::: Data to use :::

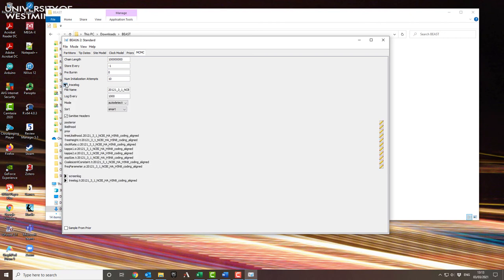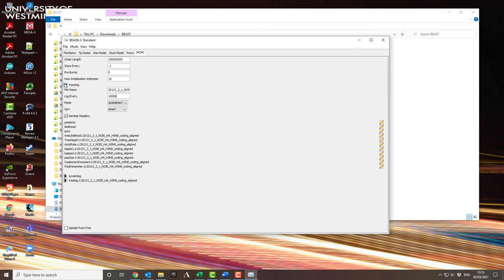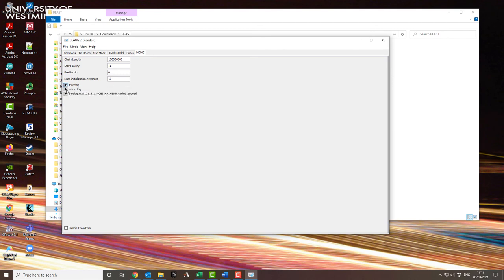I also need to change the trace log, because otherwise it'll be recording every 1000 steps onto your computer the result, and that will end up with a very, very large output file that you'll find it very difficult to analyze. So increase that by tenfold as well.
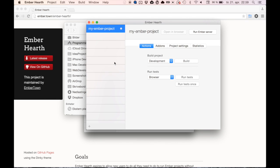When the project is set up, you are ready to go. Just push run server and you've got a running Ember app locally on your Mac.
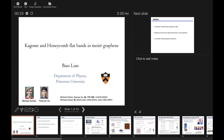I'm glad to start the last section, and thanks for the invitation. This has been a very wonderful workshop about various kinds of flat bands. Today I'm going to talk about our recent work on Kagome and Honeycomb flat bands in Moiré Graphene. We have heard a lot about Kagome flat bands in this workshop, and also Moiré.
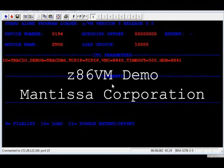In this three-part demonstration by Mantista Corporation, you will be shown a small Linux kernel running under the RZ86 virtual machine product. In the first part, you will see the Linux kernel's booting process and debugging messages.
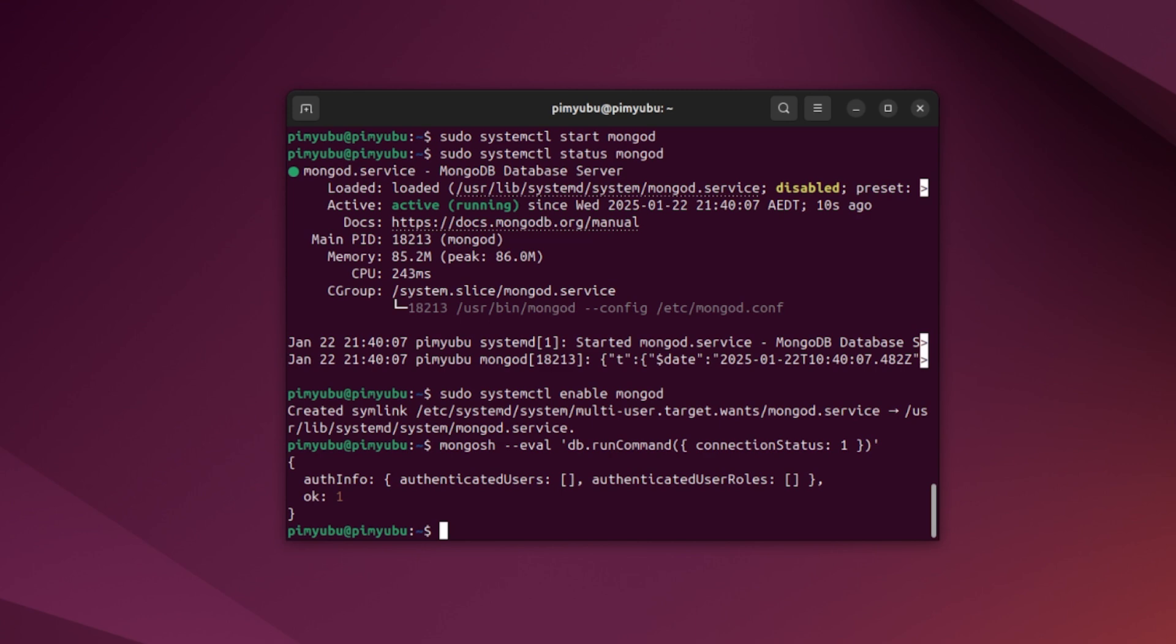Hopefully this quick guide has let you easily get the MongoDB server up and running on Ubuntu. If you like this quick guide, be sure to give us a thumbs up and subscribe. Until next time, have a good one.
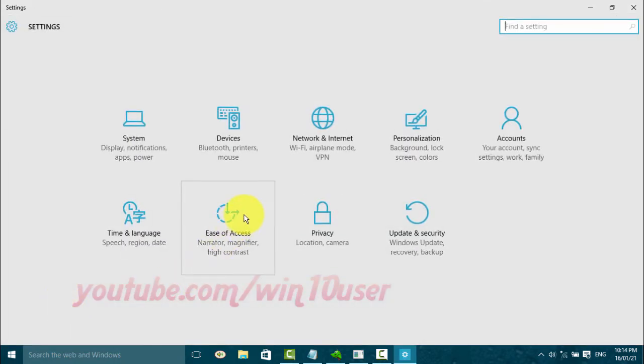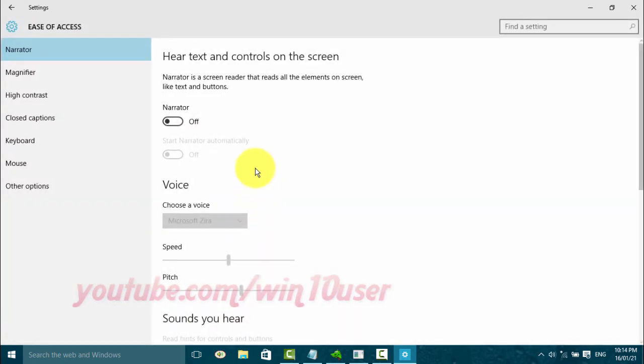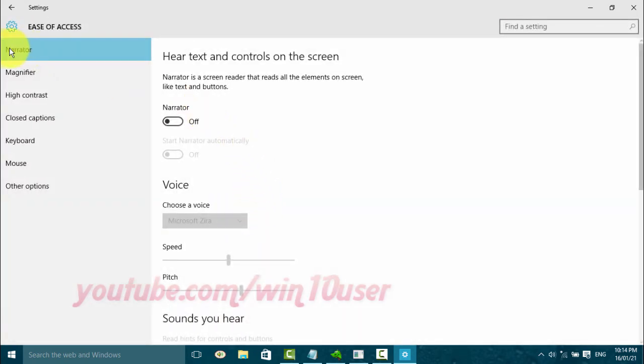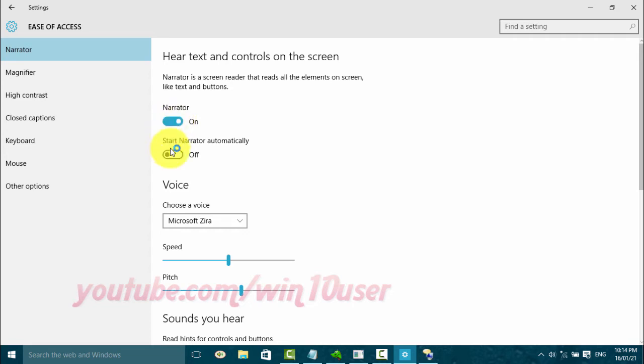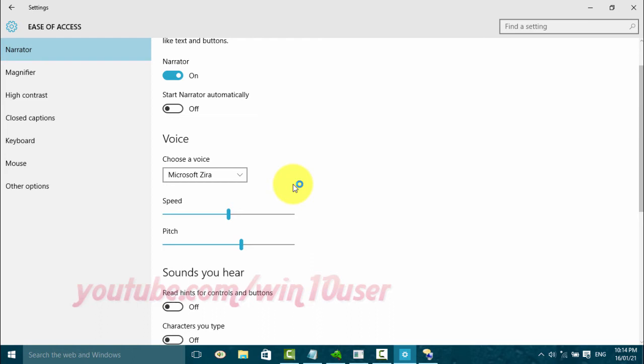Click Ease of Access. Turn on Narrator Settings using the Narrator toggle switch, then scroll down.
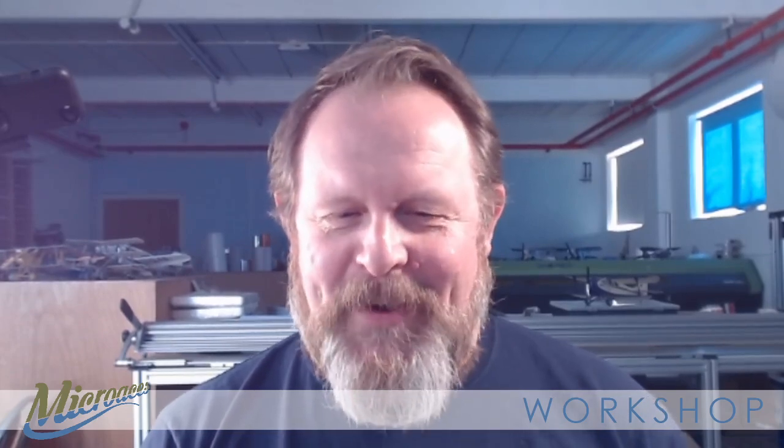So thank you ever so much for watching. I hope it has been useful for you. And I'll see you next time in the next useful video that we publish. Thanks very much for watching. Bye bye.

:::

**Work item**
Please return only the lines from the top of the data through the line with "When the project", exactly as written, and drop every picture.

**Exercise solution**
I also need to change the trace log, because otherwise it'll be recording every 1000 steps onto your computer the result, and that will end up with a very, very large output file that you'll find it very difficult to analyze. So increase that by tenfold as well.
When the project is set up, you are ready to go. Just push run server and you've got a running Ember app locally on your Mac.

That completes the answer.